Biyokimyager Nasıl Olunur ? Gazetelerin web sayfalarında sıklıkla çıkan geleceğin meslekleri konulu yazılarda bolca karşılaştığımız bir meslek türü olan biyokimyagerlik adından da anlaşılacağı üzere biyoloji ve kimyayı bir araya getirerek işleri daha da zorlaştırmayı amaçlayan bir bilim dalının uzmanlığı.
Biyokimya; biyolojik sistemlerin organizasyon ve fonksiyonlarını moleküler düzeyde inceleyen bir bilim dalı ve pek çok bilim dalı ile yakından ilişkili.
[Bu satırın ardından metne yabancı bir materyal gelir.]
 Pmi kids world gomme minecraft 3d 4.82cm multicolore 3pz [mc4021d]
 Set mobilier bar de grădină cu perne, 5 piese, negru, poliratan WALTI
Biyokimya bitki, hayvan ve mikroorganizma biçimindeki bütün canlıların yapısında yer alan kimyasal maddeleri ve canlının yaşamı boyunca sürüp giden kimyasal süreçleri inceliyor. Dolayısıyla proteinlerin, karbonhidratların, lipitlerin, nükleik asitlerin ve diğer biyomoleküllerin yapısı, fonksiyonları ve etkileşimleri ile ilgileniyor. Oldukça karışık görünüyor ancak eğitiminde ve meslekte bolca uygulama olanağı bulunması bazıları için bu işin severek yapılmasını sağlayabilir.
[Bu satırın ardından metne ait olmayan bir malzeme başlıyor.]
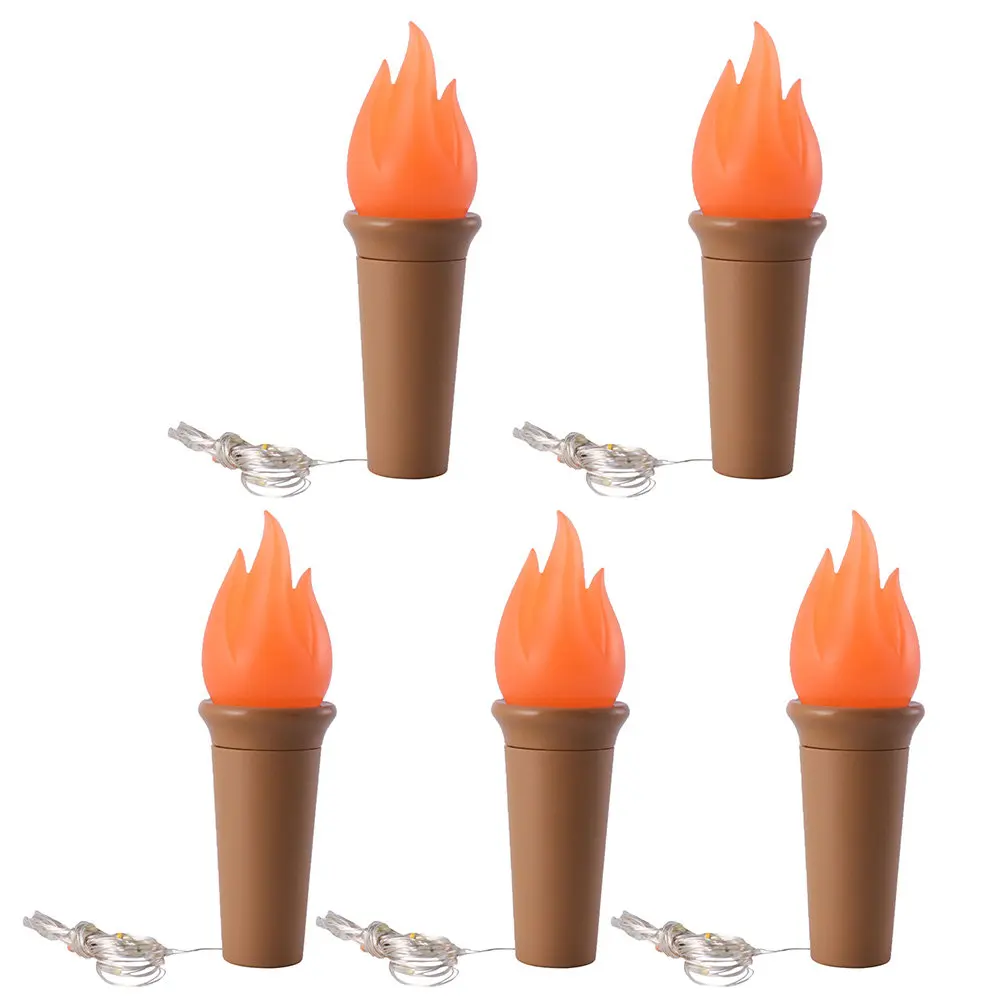 

5Pcs Waterproof Cork LED Light Strings Dazzling Flame Design Safe for Pets Decorative Lamp Strings for Home Garden Wedding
Tıp fakülteleri, diş hekimliği, moleküler biyoloji ve genetik gibi bölümlerde ders olarak okutulan ve öğrencilerin kabusu olarak nitelenen biyokimya ülkemizde Ege ve Cumhuriyet Üniversitelerinde lisans ve yüksek lisans düzeylerinde okutulmakta. Mezunlarına tercih ettikleri opsiyonlara göre “biyokimyager” ve “biyoteknoloji ağırlıklı biyokimyager” deniyor.
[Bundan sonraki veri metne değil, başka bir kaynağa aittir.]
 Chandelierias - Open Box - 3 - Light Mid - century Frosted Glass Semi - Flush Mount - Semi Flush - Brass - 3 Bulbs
Biyokimyager unvana sahip olan mezunlar gıda, ilaç, tıbbi ve kimyasal maddeler, tarım ilaçları, kozmetik ve deterjan sanayileri ve fermantasyon teknolojisine dayalı sanayi kollarında, üniversite, tıbbi, tarımsal ve çevre araştırma merkezlerinin rutin işlemler ve araştırma laboratuvarlarında çalışma fırsatını bulabiliyor.
Özellikle, içinde yaşadığımız teknoloji çağında kaynakların bir kısmının “sağlıklı bir çevrede sağlıklı bir yaşam süren birey hedefi”ne ayrılması bu mesleği gelecekte gözde bir meslek haline getirebilir. Özellikle Nobel bilim ödüllerinin büyük oranda biyokimya çalışmalarına verilmesi de bu durumu doğrular nitelikte. Bununla birlikte ülkemizde moleküler biyoloji ve genetik gibi bölümlerin çok yüksek puanlarla öğrenci almasına rağmen bu konuların hakettiği ilgiyi ve değeri görememesi ve kaynak yetersizlikleri mezunları ve mevcut öğrencileri hayal kırıklığına uğratıyor, bu durum benzer bölümlere de yansıyor. Bilimin hakettiği saygıyı ve ilgiyi gördüğü ve gen teknolojisindeki gelişmelere Türkiye’nin göz kırptığı bir dönemi yaşayabilirsek çok şey vaat eden bu mesleğin ilgi çekici olması kaçınılmaz. Yine de ben ideallerimin insanıyım diyorsanız ilgili üniversitelerin web sitelerini araştırmanızı öneririz.